DATA LISTING:
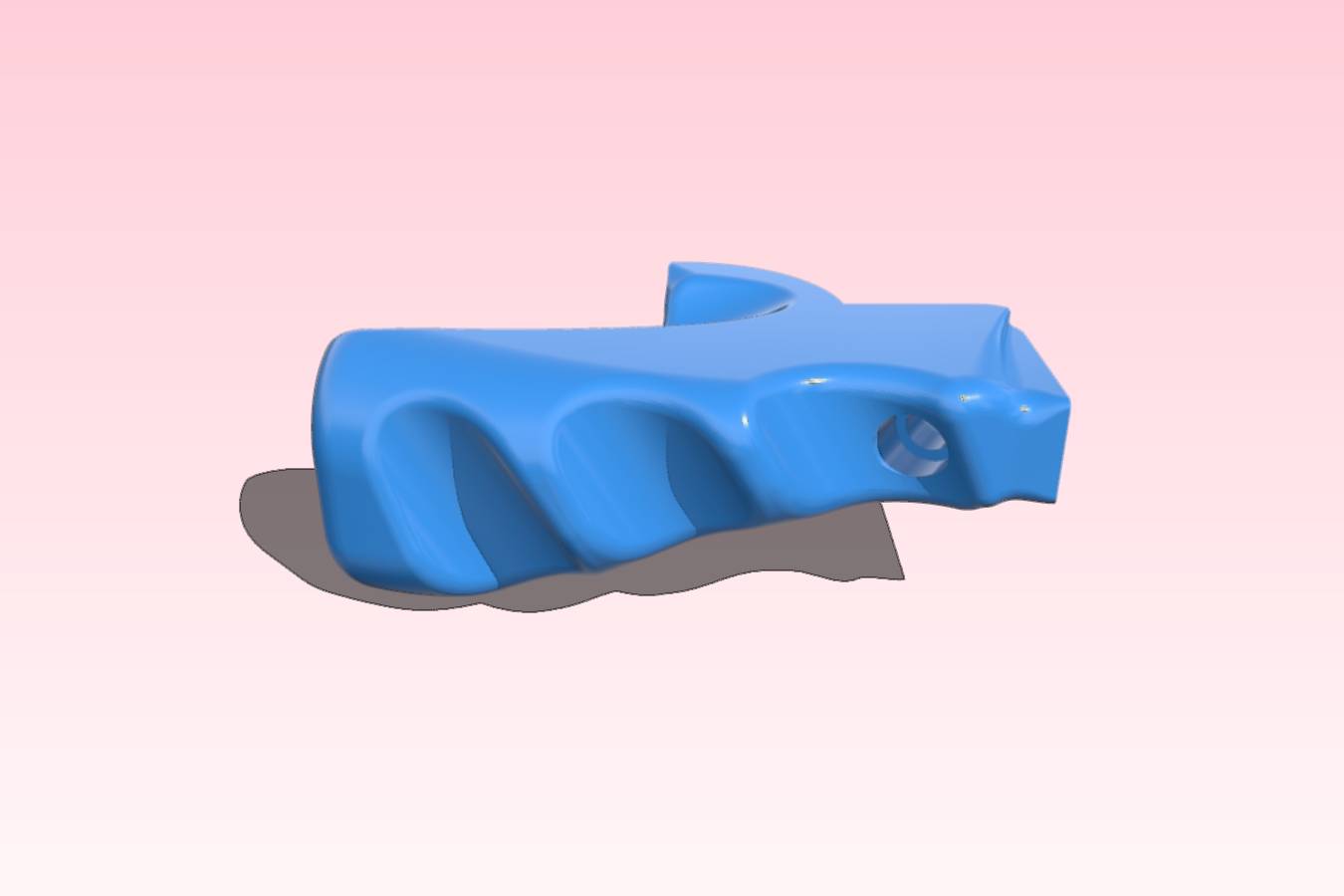 865d0e5a-d0c6-46d4-8831-6d2a543a84d4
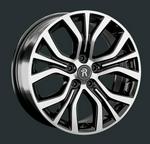 Replica Haval HV113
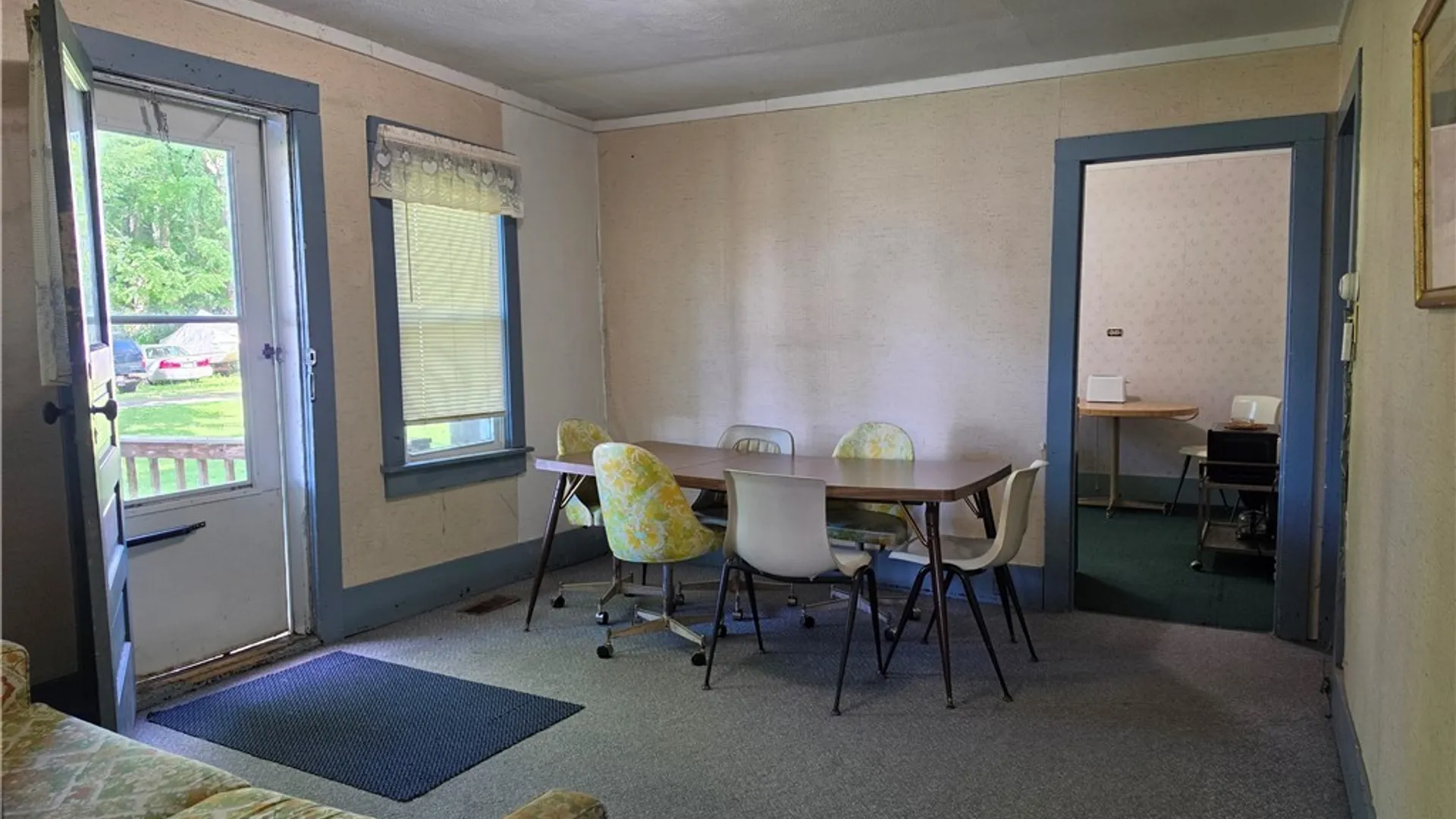 Property at 7 Apps Landing, Constantia, NY 13042 39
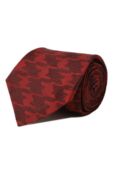 Шелковый галстук Kiton UCRVKLC06H24 фото 1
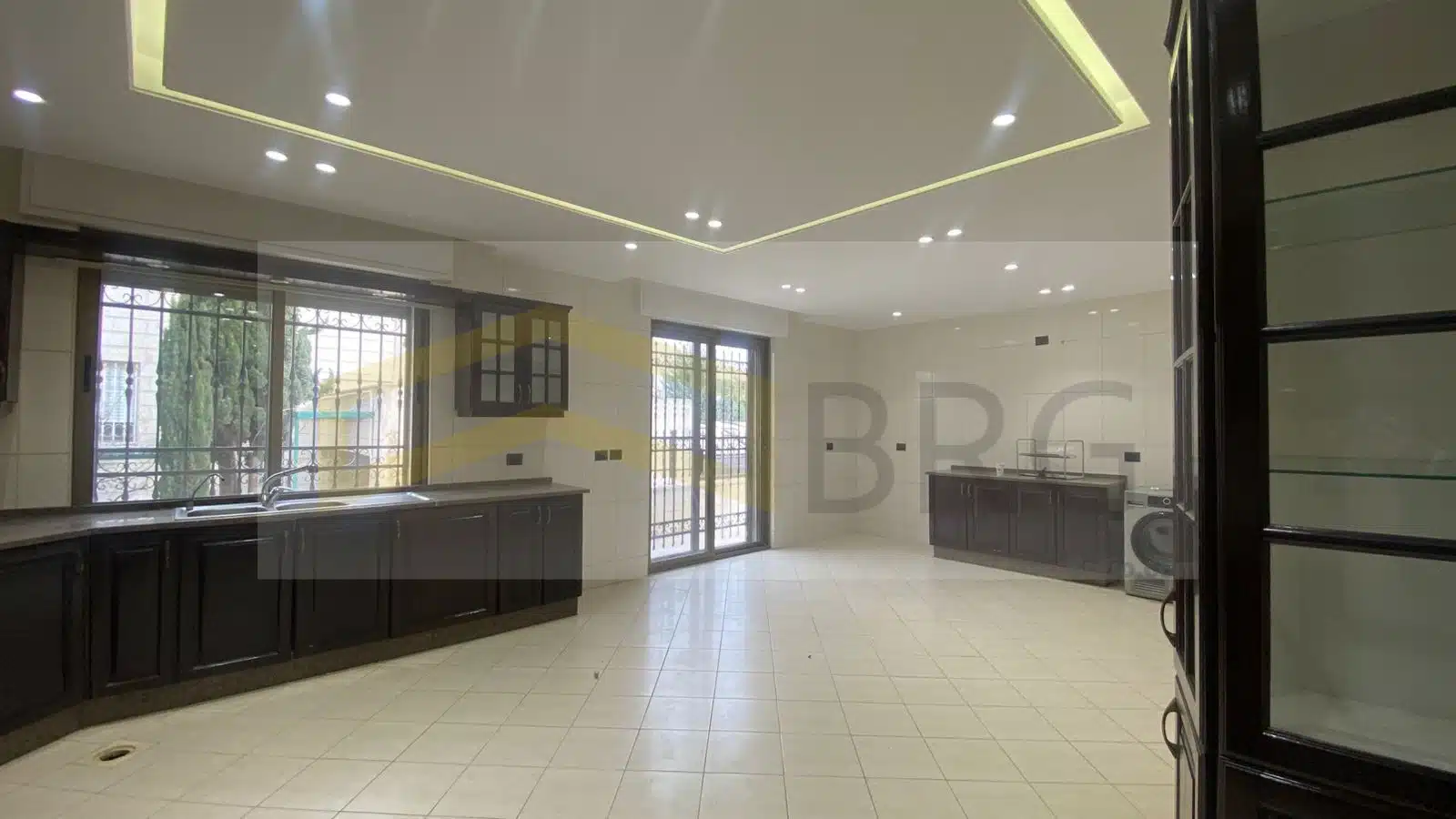 WhatsApp Image 2025-02-03 at 12.51.01 PM (3)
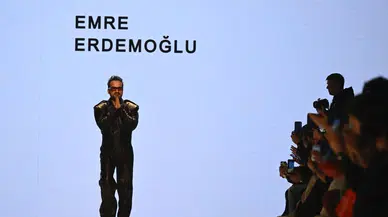 Cennetin Batısında, Kadının Devrimi Başlıyor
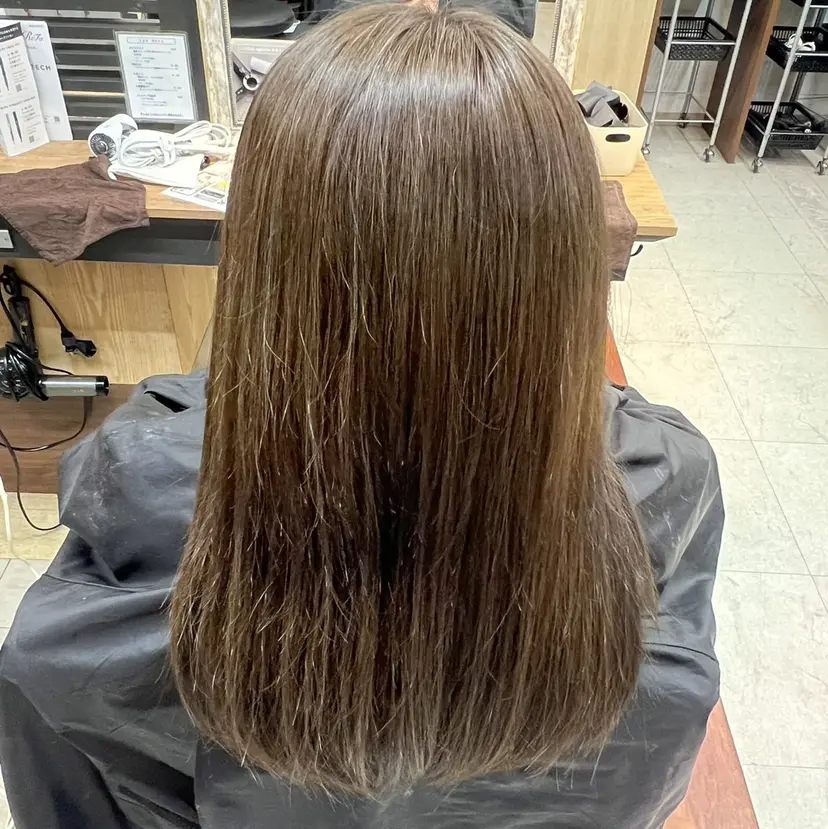 ナカオ シュウヘイの掲載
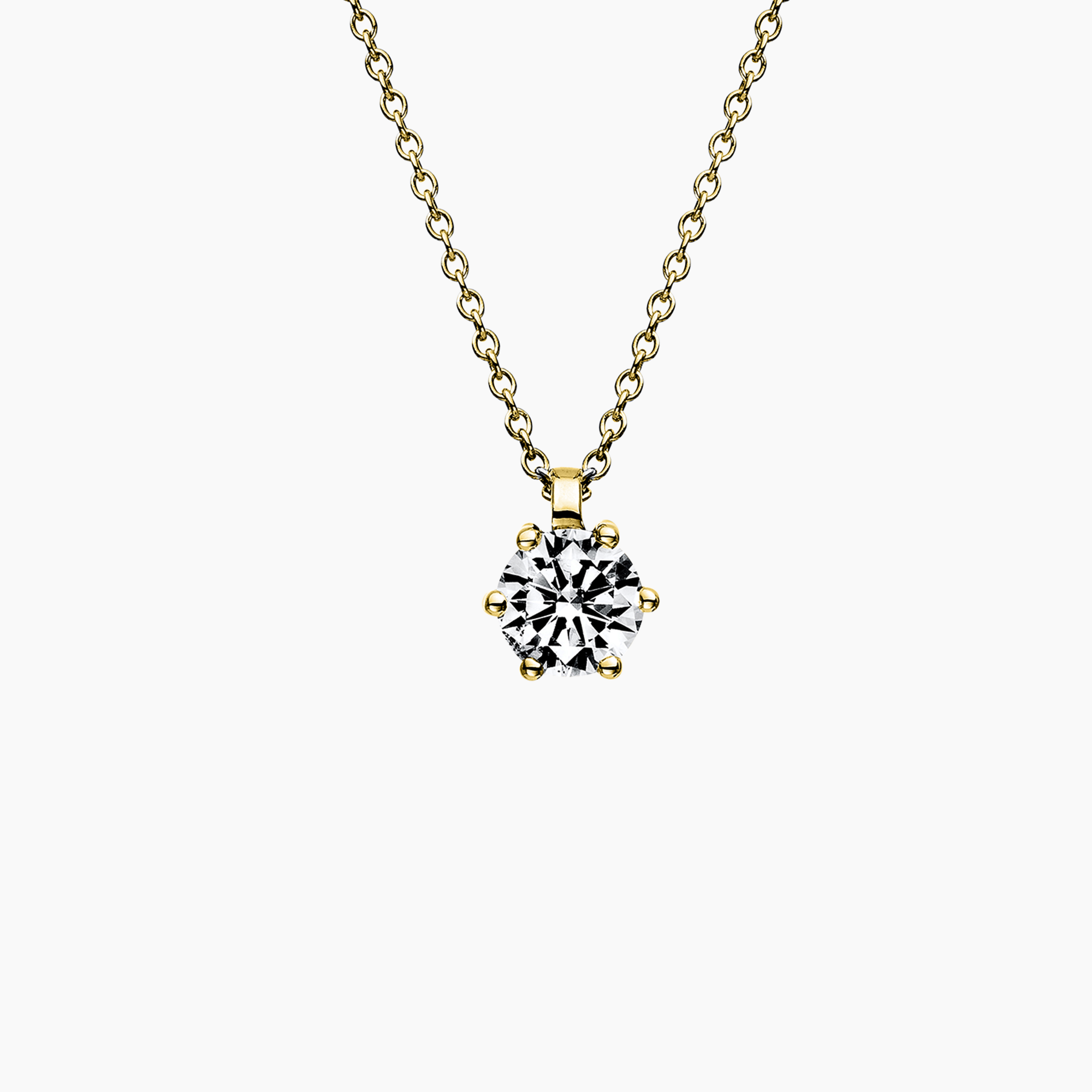 Classic Solitaire-Collier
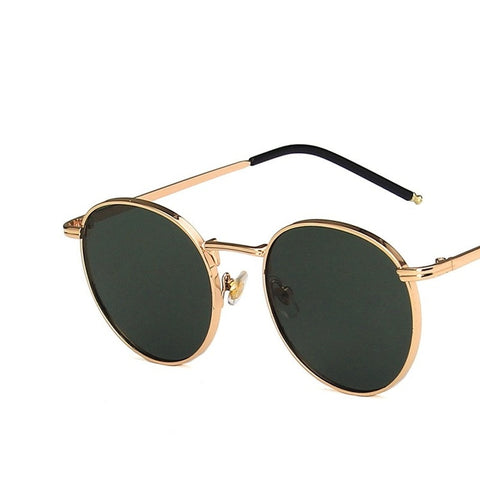 New Women High Quality Glasses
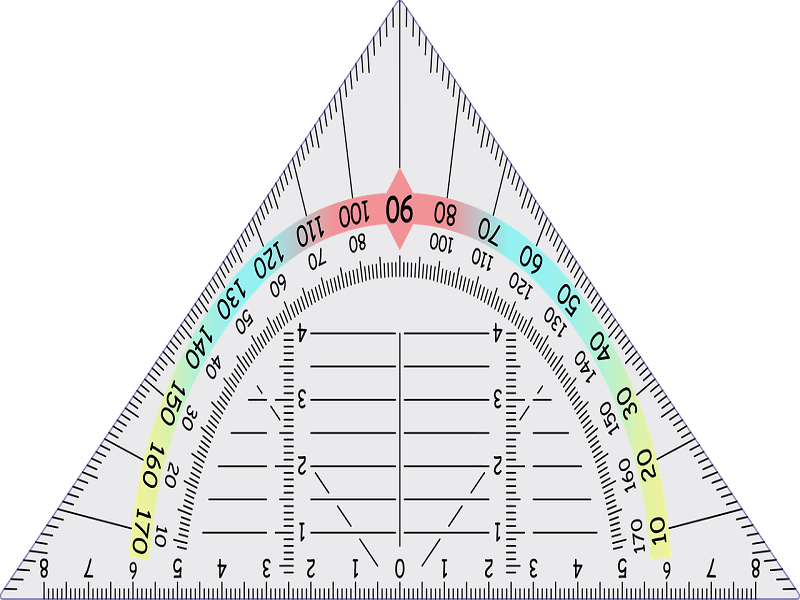 Complementary and Supplementary Angles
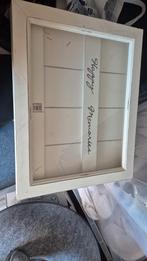 riviera maison, Ophalen, Minder dan 50 cm, Gebruikt, Minder dan 50 cm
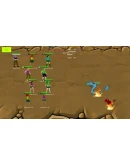 Maze / Break STEAM KEY REGION FREE GLOBAL ROW + GIFT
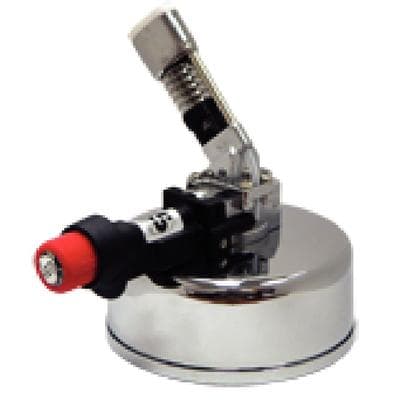 Blazer Table-Top Gas Burner, GB4103 - Table-Top Gas Burner, GB4103 - Table-Top Gas Burner, GB4103 - Image 1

PROBLEM TO SOLVE:
From the line containing "Complementary and Supplementary Angles" down to the last line of the data, print every line exactly and nothing else. Pictures stay out of the copy.

OUTPUT OF THE TASK:
 Complementary and Supplementary Angles
 riviera maison, Ophalen, Minder dan 50 cm, Gebruikt, Minder dan 50 cm
 Maze / Break STEAM KEY REGION FREE GLOBAL ROW + GIFT
 Blazer Table-Top Gas Burner, GB4103 - Table-Top Gas Burner, GB4103 - Table-Top Gas Burner, GB4103 - Image 1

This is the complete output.